In switching, Elliott notes that Juniper “overpromised and underdelivered” on development and sales of the QFabric data center line, after spending over $100 million in two years on it. Elliott notes limited uptake of the full QFabric system and architecture – node/interconnect/director – the perception of it as proprietary and its immaturity.
Elliott also notes that competitors like Cisco, Brocade, Arista and others have introduced competing fabric switches in the time the industry was awaiting QFabric.
“Juniper’s overall switching share remains very low at 3% in a competitive market dominated by Cisco and has failed to gain significant traction despite entrance into the market five years ago,” the Elliott presentation states.
According to Dell’Oro Group, Juniper’s share of the $5.6 billion Ethernet switching market in the third quarter of 2013, was 2.4%, down from the 2.7% share it had in the $5.4 billion second quarter market but still good for third place behind Cisco and HP. Juniper’s share in 2012 was 2.4%, up from 2.2% in 2011 and 1.9% in 2010.

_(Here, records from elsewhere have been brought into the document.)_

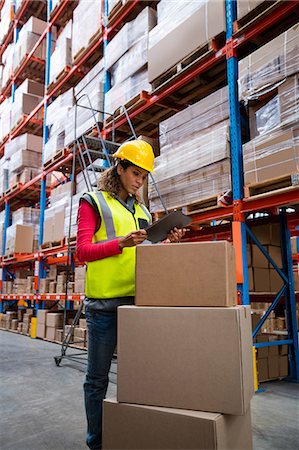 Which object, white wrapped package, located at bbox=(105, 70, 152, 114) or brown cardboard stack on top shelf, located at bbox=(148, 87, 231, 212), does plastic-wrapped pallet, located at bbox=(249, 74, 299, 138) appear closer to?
brown cardboard stack on top shelf, located at bbox=(148, 87, 231, 212)

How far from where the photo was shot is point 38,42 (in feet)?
33.1

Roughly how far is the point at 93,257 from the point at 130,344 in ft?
1.53

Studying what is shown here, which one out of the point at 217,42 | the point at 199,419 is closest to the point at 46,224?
the point at 217,42

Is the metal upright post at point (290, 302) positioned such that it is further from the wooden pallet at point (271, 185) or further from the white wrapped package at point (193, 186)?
the white wrapped package at point (193, 186)

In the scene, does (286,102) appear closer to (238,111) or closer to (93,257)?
(238,111)

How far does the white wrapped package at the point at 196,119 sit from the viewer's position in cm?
413

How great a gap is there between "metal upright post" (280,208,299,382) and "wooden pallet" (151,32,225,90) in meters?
2.09

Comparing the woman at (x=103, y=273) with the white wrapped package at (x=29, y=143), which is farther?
the white wrapped package at (x=29, y=143)

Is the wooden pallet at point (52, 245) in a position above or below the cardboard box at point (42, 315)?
above

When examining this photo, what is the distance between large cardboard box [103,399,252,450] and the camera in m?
1.33

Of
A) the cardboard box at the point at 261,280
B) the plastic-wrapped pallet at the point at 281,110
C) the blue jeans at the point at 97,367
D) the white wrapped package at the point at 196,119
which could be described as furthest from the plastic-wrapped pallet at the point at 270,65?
the blue jeans at the point at 97,367

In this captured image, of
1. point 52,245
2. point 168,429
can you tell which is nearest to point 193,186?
point 168,429

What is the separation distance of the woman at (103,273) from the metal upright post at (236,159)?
1923 mm

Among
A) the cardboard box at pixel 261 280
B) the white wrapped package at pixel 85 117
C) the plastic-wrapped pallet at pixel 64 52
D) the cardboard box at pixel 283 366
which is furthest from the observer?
the plastic-wrapped pallet at pixel 64 52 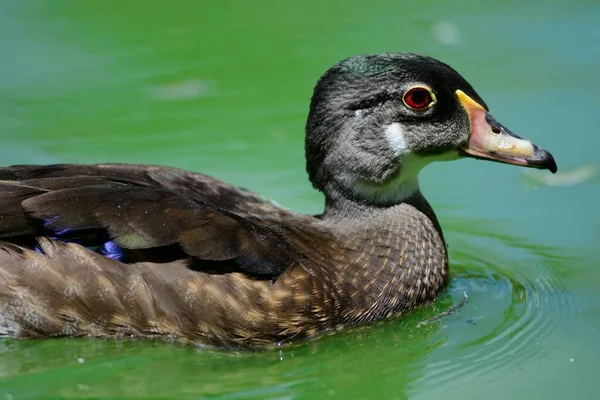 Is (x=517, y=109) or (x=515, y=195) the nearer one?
(x=515, y=195)

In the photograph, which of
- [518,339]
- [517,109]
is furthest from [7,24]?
[518,339]

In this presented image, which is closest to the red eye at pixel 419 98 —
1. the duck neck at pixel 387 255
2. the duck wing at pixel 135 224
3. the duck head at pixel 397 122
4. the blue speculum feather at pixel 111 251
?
the duck head at pixel 397 122

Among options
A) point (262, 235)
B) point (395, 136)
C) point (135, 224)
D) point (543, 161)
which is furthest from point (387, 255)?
point (135, 224)

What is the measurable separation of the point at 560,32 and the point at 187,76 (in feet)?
11.0

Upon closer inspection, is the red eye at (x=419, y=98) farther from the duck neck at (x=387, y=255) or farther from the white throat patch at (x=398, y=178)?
the duck neck at (x=387, y=255)

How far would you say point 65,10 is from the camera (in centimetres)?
1116

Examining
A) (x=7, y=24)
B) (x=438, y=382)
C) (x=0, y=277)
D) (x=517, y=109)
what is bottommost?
(x=438, y=382)

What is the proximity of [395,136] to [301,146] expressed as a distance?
2.24m

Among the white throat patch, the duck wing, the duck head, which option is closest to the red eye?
the duck head

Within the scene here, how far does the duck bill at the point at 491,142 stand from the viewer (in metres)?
7.09

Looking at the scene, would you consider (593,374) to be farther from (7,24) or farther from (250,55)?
(7,24)

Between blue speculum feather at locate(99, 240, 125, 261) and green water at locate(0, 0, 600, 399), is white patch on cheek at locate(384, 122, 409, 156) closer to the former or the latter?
green water at locate(0, 0, 600, 399)

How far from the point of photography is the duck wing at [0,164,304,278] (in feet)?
→ 20.9

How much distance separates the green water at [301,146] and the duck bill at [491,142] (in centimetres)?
85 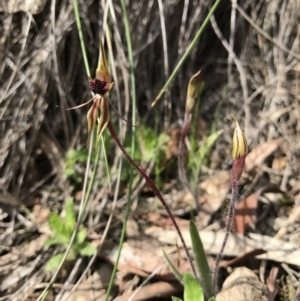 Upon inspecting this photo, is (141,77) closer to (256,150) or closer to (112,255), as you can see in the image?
(256,150)

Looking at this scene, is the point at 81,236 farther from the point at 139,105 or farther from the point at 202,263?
the point at 139,105

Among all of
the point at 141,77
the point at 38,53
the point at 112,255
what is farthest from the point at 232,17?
the point at 112,255

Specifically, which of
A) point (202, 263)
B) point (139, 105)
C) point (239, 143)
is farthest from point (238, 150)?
point (139, 105)

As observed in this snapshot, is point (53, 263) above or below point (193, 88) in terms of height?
below

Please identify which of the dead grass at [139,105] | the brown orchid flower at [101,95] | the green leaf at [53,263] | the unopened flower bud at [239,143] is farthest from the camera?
the dead grass at [139,105]

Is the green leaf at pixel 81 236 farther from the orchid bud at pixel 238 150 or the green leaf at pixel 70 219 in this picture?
the orchid bud at pixel 238 150

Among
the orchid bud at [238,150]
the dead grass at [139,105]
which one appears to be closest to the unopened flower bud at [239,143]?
the orchid bud at [238,150]

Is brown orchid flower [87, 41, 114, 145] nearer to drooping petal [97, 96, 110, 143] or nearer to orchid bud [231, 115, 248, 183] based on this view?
drooping petal [97, 96, 110, 143] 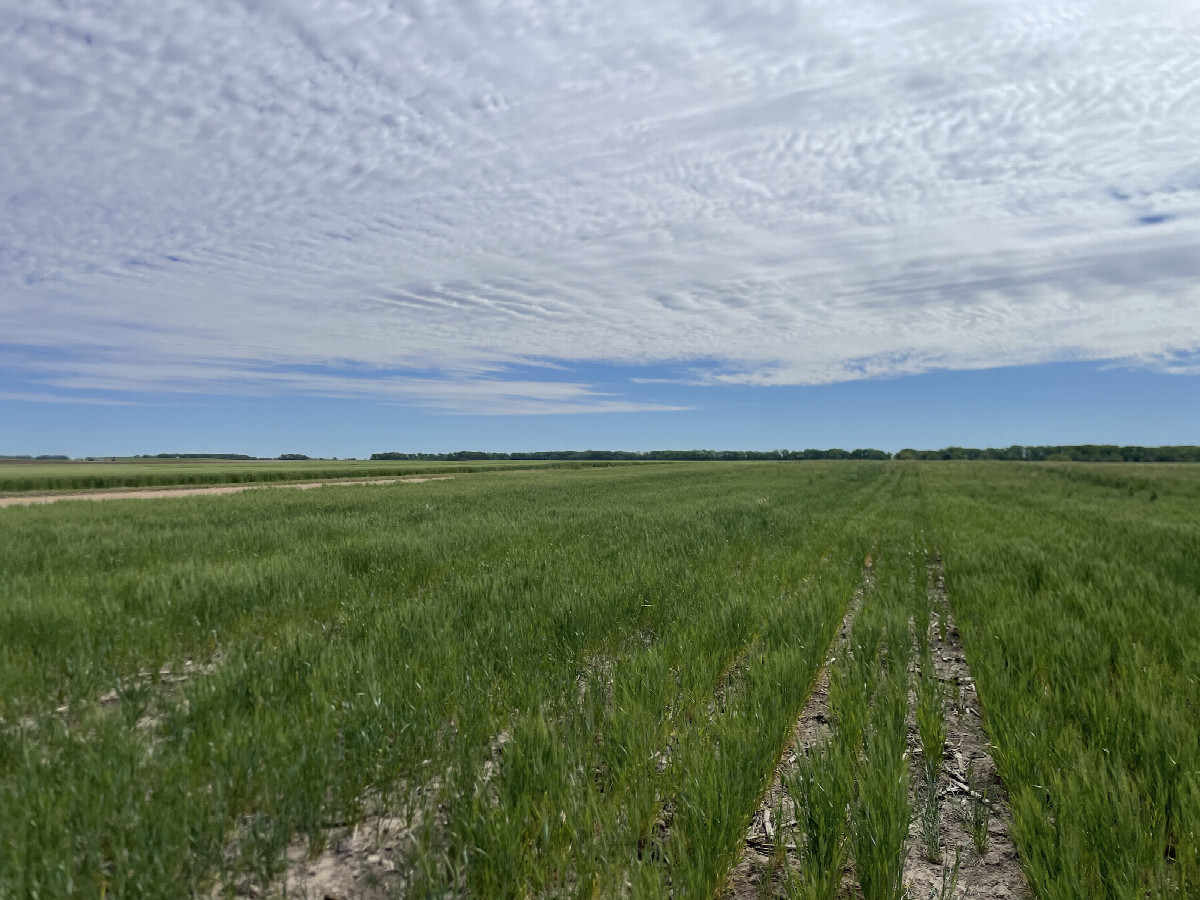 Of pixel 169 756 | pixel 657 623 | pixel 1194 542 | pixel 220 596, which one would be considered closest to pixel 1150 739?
pixel 657 623

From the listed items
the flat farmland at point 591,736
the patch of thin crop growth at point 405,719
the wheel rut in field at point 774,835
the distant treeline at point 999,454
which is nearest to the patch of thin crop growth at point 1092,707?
the flat farmland at point 591,736

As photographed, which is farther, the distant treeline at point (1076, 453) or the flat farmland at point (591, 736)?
the distant treeline at point (1076, 453)

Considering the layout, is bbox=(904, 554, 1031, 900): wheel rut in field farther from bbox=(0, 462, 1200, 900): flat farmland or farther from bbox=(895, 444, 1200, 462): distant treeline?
bbox=(895, 444, 1200, 462): distant treeline

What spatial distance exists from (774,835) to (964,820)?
963 millimetres

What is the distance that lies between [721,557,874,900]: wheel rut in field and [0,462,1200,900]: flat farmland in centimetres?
2

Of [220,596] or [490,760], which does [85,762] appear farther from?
[220,596]

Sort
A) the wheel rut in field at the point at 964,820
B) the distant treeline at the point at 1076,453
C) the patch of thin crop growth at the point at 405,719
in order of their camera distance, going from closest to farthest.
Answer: the patch of thin crop growth at the point at 405,719 < the wheel rut in field at the point at 964,820 < the distant treeline at the point at 1076,453

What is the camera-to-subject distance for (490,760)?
2998 millimetres

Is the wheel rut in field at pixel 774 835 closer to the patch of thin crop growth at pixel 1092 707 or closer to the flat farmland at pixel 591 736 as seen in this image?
the flat farmland at pixel 591 736

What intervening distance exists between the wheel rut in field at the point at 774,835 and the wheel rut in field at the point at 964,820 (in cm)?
47

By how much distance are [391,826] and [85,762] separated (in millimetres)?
1451

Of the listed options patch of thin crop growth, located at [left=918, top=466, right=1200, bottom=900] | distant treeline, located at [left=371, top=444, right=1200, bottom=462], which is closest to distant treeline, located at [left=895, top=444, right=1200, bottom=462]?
distant treeline, located at [left=371, top=444, right=1200, bottom=462]

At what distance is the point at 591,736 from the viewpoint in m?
3.03

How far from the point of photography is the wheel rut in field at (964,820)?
7.34 feet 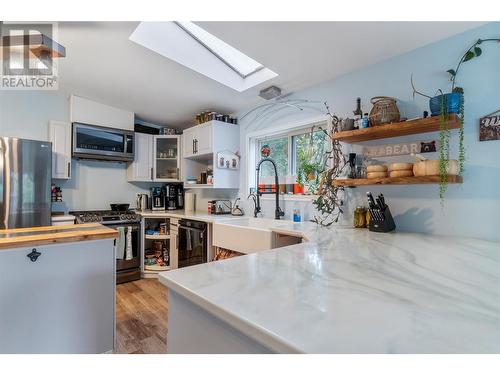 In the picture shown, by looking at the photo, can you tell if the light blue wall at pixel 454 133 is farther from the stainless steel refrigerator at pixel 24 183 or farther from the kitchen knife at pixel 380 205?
the stainless steel refrigerator at pixel 24 183

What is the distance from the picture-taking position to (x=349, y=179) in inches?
75.0

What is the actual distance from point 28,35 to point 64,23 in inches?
14.2

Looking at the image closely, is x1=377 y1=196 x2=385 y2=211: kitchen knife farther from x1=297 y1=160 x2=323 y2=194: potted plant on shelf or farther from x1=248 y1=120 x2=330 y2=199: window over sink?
x1=248 y1=120 x2=330 y2=199: window over sink

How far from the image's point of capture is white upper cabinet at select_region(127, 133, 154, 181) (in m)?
3.58

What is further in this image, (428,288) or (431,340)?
(428,288)

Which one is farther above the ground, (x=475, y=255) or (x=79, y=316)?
(x=475, y=255)

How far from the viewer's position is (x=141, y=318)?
2211 millimetres

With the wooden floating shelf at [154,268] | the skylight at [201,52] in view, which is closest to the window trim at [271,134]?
the skylight at [201,52]

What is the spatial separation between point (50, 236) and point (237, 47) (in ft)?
5.84

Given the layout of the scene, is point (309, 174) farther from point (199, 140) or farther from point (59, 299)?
point (59, 299)

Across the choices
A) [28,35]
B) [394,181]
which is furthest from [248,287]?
[28,35] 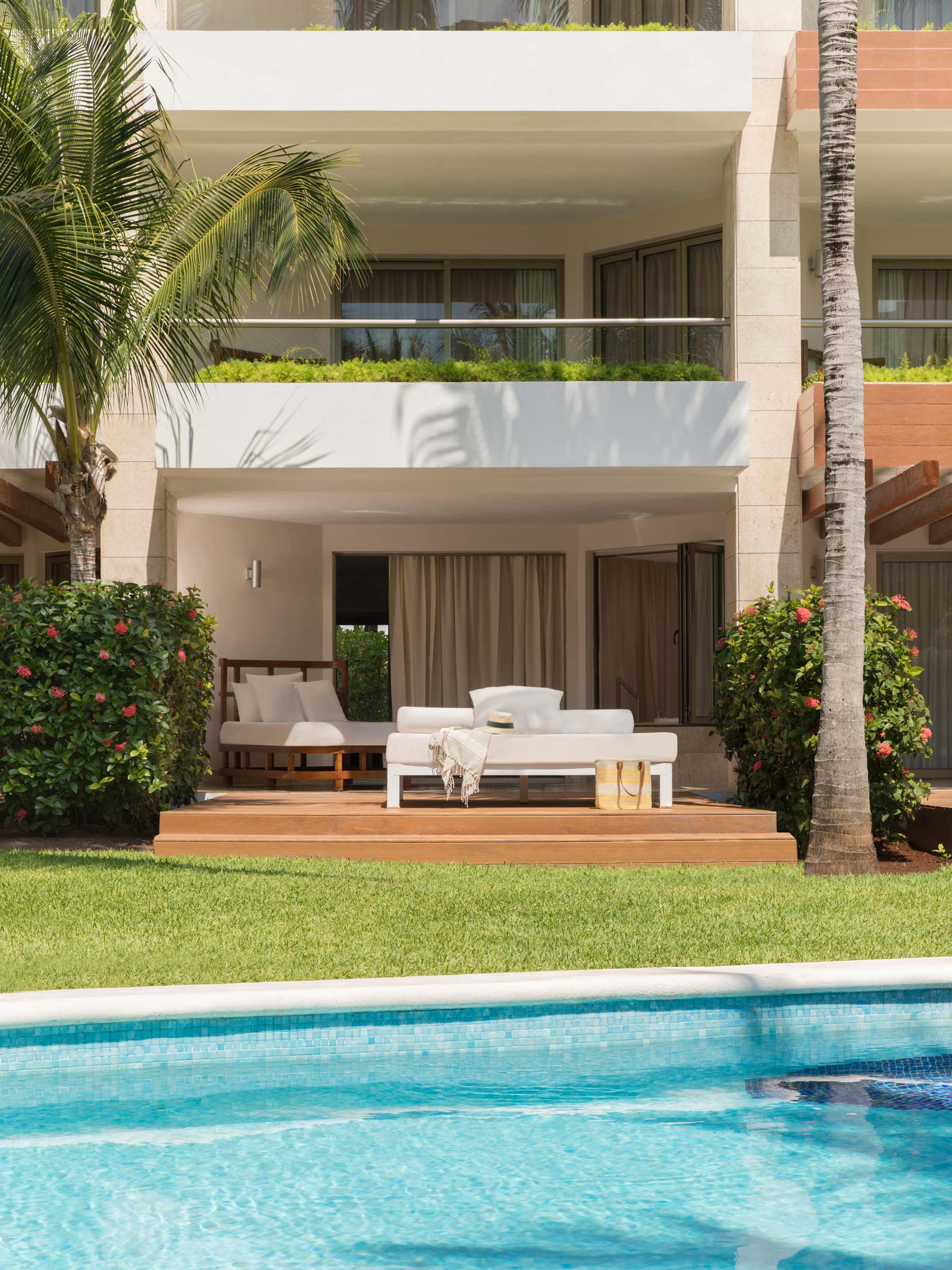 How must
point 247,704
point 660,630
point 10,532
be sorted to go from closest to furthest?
point 247,704 < point 10,532 < point 660,630

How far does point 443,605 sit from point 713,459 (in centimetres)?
593

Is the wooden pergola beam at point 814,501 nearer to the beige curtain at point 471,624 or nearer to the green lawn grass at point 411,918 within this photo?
the green lawn grass at point 411,918

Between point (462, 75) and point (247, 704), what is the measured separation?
6588 mm

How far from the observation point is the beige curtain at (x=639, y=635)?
16094mm

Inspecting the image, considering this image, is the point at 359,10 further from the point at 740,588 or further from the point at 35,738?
the point at 35,738

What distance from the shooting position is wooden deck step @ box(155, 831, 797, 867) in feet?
31.6

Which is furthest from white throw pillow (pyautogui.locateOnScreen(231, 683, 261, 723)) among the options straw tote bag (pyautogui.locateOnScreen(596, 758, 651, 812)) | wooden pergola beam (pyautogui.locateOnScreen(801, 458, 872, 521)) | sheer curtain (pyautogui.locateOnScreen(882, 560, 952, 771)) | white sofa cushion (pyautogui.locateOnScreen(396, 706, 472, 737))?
sheer curtain (pyautogui.locateOnScreen(882, 560, 952, 771))

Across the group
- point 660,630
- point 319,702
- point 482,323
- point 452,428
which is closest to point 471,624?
point 660,630

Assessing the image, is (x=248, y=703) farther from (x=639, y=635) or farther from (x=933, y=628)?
(x=933, y=628)

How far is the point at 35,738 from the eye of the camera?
33.5 feet

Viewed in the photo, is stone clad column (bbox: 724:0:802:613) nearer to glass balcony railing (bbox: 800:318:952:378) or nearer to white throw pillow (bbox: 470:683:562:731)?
glass balcony railing (bbox: 800:318:952:378)

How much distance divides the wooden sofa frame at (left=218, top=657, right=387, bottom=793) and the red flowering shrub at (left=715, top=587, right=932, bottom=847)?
3881 mm

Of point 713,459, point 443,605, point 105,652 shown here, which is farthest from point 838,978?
point 443,605

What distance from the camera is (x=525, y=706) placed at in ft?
37.4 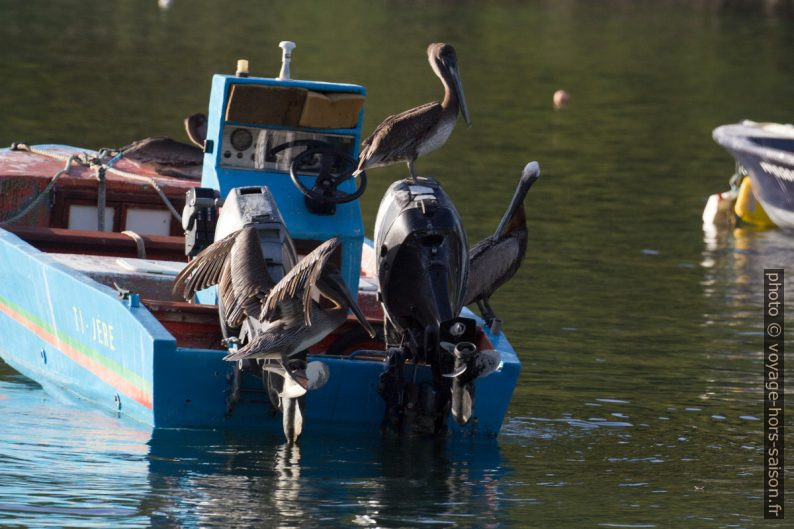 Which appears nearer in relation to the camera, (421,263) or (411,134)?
(421,263)

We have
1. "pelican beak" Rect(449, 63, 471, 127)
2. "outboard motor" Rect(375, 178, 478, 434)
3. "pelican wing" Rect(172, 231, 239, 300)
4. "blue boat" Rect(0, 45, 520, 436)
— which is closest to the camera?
"outboard motor" Rect(375, 178, 478, 434)

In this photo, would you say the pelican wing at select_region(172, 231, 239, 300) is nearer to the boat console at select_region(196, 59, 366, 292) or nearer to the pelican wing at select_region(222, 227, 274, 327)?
the pelican wing at select_region(222, 227, 274, 327)

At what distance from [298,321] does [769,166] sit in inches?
484

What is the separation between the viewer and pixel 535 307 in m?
16.0

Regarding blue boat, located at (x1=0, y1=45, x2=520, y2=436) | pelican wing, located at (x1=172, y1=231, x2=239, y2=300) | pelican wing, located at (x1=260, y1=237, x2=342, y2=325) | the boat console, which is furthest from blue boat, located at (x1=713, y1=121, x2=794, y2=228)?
pelican wing, located at (x1=260, y1=237, x2=342, y2=325)

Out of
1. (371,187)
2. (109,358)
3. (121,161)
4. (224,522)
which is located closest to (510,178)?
(371,187)

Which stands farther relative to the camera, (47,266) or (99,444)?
(47,266)

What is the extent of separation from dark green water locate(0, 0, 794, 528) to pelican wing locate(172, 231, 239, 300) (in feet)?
2.99

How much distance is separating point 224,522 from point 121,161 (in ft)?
23.1

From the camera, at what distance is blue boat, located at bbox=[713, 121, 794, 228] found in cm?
2094

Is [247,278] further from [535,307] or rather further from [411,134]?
[535,307]

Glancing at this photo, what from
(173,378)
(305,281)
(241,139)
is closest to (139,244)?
(241,139)

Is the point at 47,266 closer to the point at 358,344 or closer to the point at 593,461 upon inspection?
the point at 358,344

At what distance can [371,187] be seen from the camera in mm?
22469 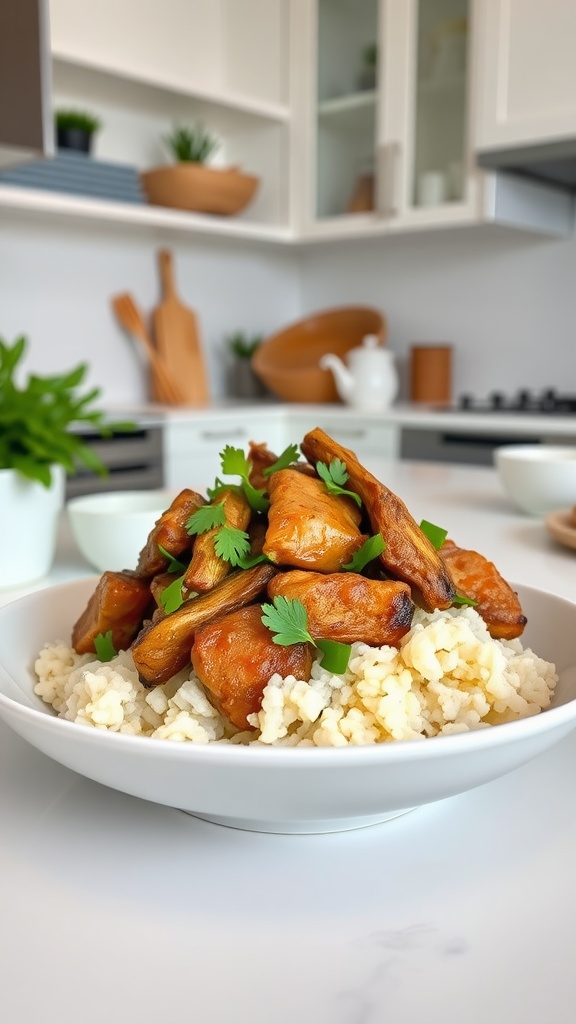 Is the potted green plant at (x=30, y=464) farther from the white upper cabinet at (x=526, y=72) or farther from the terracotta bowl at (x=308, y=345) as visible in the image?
the terracotta bowl at (x=308, y=345)

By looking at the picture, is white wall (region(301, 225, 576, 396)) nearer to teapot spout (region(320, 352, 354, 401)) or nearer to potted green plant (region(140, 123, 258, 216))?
teapot spout (region(320, 352, 354, 401))

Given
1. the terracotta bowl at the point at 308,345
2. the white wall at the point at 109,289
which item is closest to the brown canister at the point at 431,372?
the terracotta bowl at the point at 308,345

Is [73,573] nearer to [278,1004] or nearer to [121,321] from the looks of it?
[278,1004]

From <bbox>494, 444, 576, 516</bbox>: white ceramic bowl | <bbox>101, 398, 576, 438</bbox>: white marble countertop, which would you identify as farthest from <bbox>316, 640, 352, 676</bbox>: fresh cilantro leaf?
<bbox>101, 398, 576, 438</bbox>: white marble countertop

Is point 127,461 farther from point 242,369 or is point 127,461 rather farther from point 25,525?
point 25,525

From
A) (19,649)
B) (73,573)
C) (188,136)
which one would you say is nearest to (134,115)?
(188,136)

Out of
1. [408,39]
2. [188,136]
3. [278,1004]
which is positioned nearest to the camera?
[278,1004]

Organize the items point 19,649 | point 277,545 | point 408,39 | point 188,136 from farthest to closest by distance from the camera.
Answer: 1. point 188,136
2. point 408,39
3. point 19,649
4. point 277,545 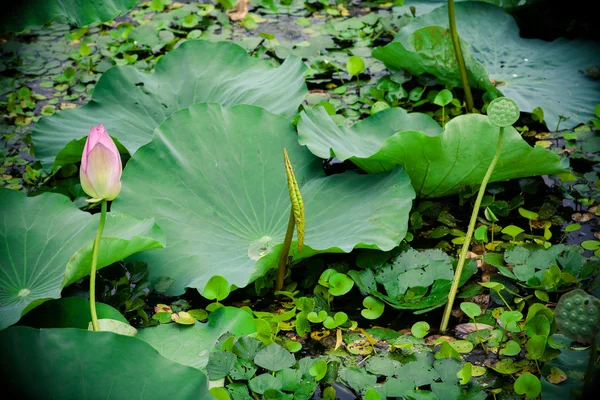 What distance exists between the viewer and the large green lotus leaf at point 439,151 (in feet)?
6.32

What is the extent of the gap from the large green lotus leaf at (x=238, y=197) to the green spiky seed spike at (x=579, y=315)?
0.63 m

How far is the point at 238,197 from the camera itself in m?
2.04

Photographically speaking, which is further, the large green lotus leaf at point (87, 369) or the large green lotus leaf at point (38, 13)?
the large green lotus leaf at point (38, 13)

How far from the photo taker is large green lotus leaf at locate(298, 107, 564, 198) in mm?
1928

Juniper will be challenged to gain share as Extreme’s acquisition of Enterasys now has it just about even with Juniper. Huawei and Dell are also in the 2% ballpark. HP’s acquisition of 3Com in 2010 boosted its share to the 11% range.
In security, Elliott notes that Juniper has lost significant share since acquiring NetScreen in 2004 for $4 billion. The company has also “mis-executed” on transitioning the security portfolio off of the legacy NetScreen operating system and platforms.
Underscoring this was the abrupt resignation of Bob Muglia, executive vice president of Juniper’s software solutions division, who was responsible for turning the security business around.
“Juniper’s board should undertake a strategic review of the security business, which is underperforming and now lacks a leader after Bob Muglia’s recent resignation,” the Elliott presentation states.
Juniper’s lack of overall execution outside of its core routing business is measured by its merger and acquistion activity over the past 15 years, according to Elliott. Juniper spent over $7 billion on acquisitions during this period while missing out on $40 billion in opportunity in four specific markets – security, WAN optimization, application delivery control and session border controllers — due to failure to execute, Elliott states.
NetScreen security is floundering, while Juniper discontinued products in WAN optimization, application delivery control and session border control, Elliott notes.
“Juniper has historically tried to buy into other attractive markets but consistently mis-executes post-acquisition, resulting in significant missed opportunities,” the Elliott presentation states. “Pure-play vendors have succeeded in these 4 markets and have a combined value of over $40B today, illustrating that the opportunities for value creation were significant but Juniper simply failed to execute outside of routing.”
These endeavors have also distracted Juniper from its bread-and-butter routing business, Elliott notes. Citing data from Infonetics Research, Elliott says Juniper has given up share in core and edge routing business from 2005 to 2012: Core dropped 12 percentage points, to 24% in 2012 from 36% in 2005; and edge gave up six percentage points, to 14% from 20% over that time.
Elliott recommends Juniper cease its acquisition activity until it can regain momentum in its existing business.
Juniper did not respond to a request for additional commentary specific to the Elliott points on product rationalization. Earlier, Juniper stated that it would review the Elliott presentation despite returning $1.7 billion to shareholders over the past three years.